There is an IMO big caveat of bulk_create(): It does not set primary key
of objects it creates.
In my current project, using bulk_create would improve performance, but as
I often need an id of the newly created objects, I have to save them one
by one.
I think it would be perfect if bulk_create starts to set the primary keys
of the objects in the given sequence.
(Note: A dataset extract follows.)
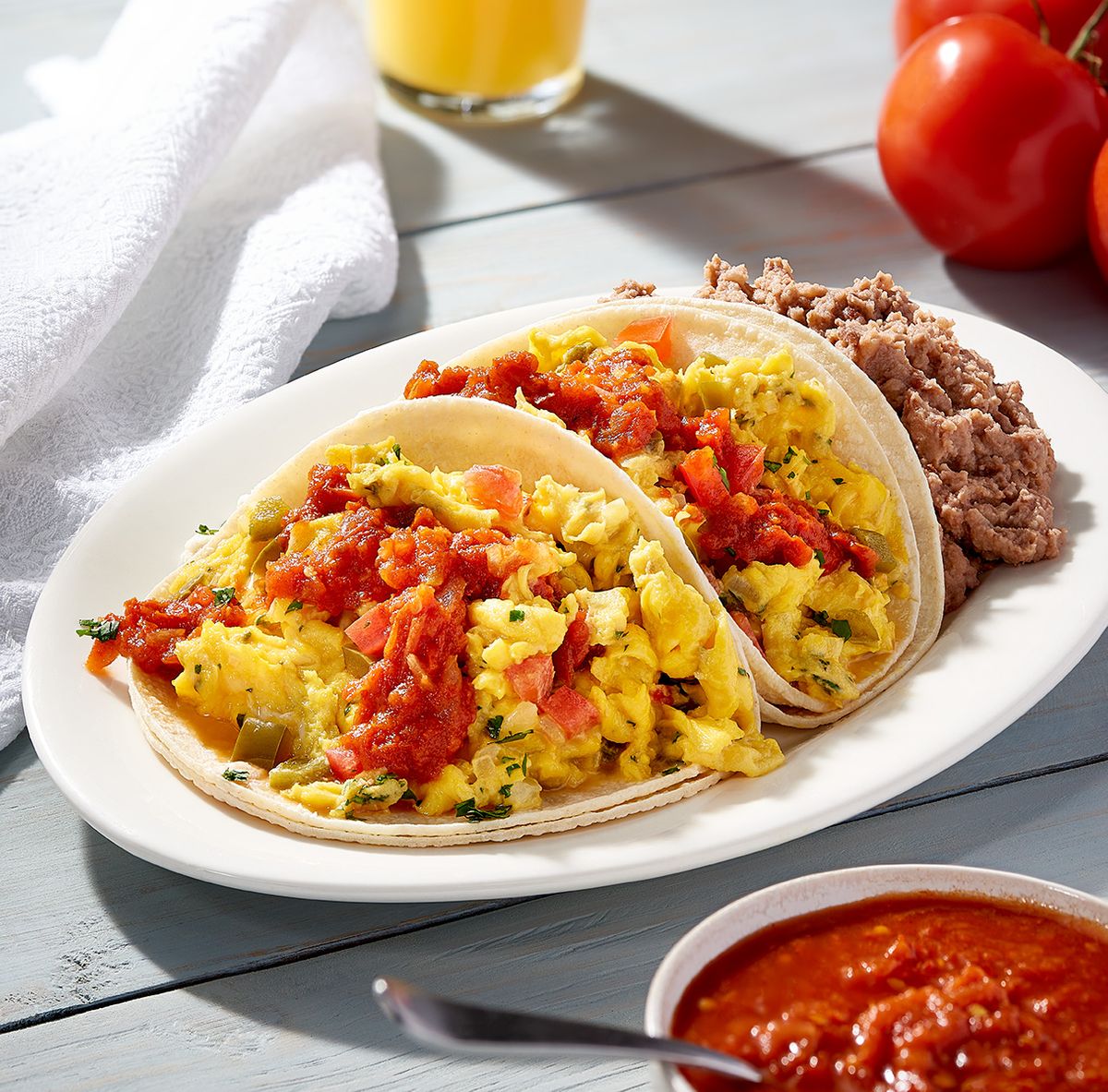 Mexican Style Breakfast Tacos - Commercial Food Photography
At least postgresql supports it
("RETURNING id" clause gives us a set of id's).
--
Ticket URL: <https://code.djangoproject.com/ticket/19527>
Django <https://code.djangoproject.com/>
The Web framework for perfectionists with deadlines.
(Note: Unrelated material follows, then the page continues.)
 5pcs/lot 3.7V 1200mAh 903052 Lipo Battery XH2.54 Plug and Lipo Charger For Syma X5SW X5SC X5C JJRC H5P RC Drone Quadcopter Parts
* needs_better_patch: => 0
* needs_tests: => 0
* needs_docs: => 0
Comment:
Out of the core DBs Postgres and Oracle support RETURNING, and it is easy
to deduce the value when using SQLite as there aren't concurrent
transactions.
When using MySQL it seems the best approach is to manually allocate a
chunk from the sequence, assign the values to objs and then save them.
Alternative is to not support this option at all when using MySQL.
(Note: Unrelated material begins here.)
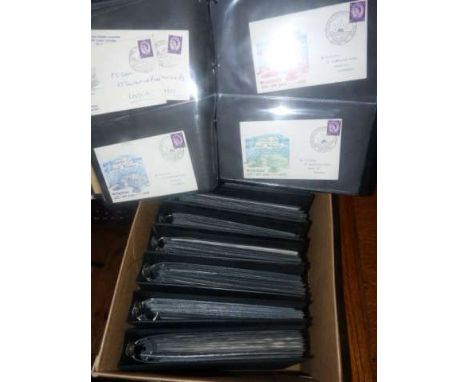 Large collection GB first day covers in eight albums 1960-87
It might make some sense to alter the bulk_create() definition to "create
the given objects in the fastest way available". This could mean the
fastest way is to issue separate query for each object. For app developers
this would be handy, one could rely on bulk_create() in every mass
creation situation. It might not be faster than a for loop with a .save(),
but it would be always available.
--
Ticket URL: <https://code.djangoproject.com/ticket/19527#comment:1>
Comment (by Tuttle):
Thank you. In this case when:
* not all DBs support PK returning in a crystal way,
* PK assigning takes time making it less-than-fastest way,
* PK assigning is not always required by the developer
then, IMHO, an option bulk_create(..., set_primary_keys=False) makes most
sense:
1. bulk_create() would always use the fastest multiple-tuple creation,
2. the developer will be allowed to use set_primary_keys=True only in case
the underlying DB supports it in a ways the Django devs will have agreed
to implement (not too hacky ways).
I thought it could be as hacky as it possibly is already implemented for
some DBs in save().
--
Ticket URL: <https://code.djangoproject.com/ticket/19527#comment:2>
* stage: Unreviewed => Design decision needed
--
Ticket URL: <https://code.djangoproject.com/ticket/19527#comment:3>
* cc: charette.s@… (added)
* version: 1.4 => master
Comment:
I'd like to work on a patch for this if it gets accepted since it's step
toward bulk creation of inherited models.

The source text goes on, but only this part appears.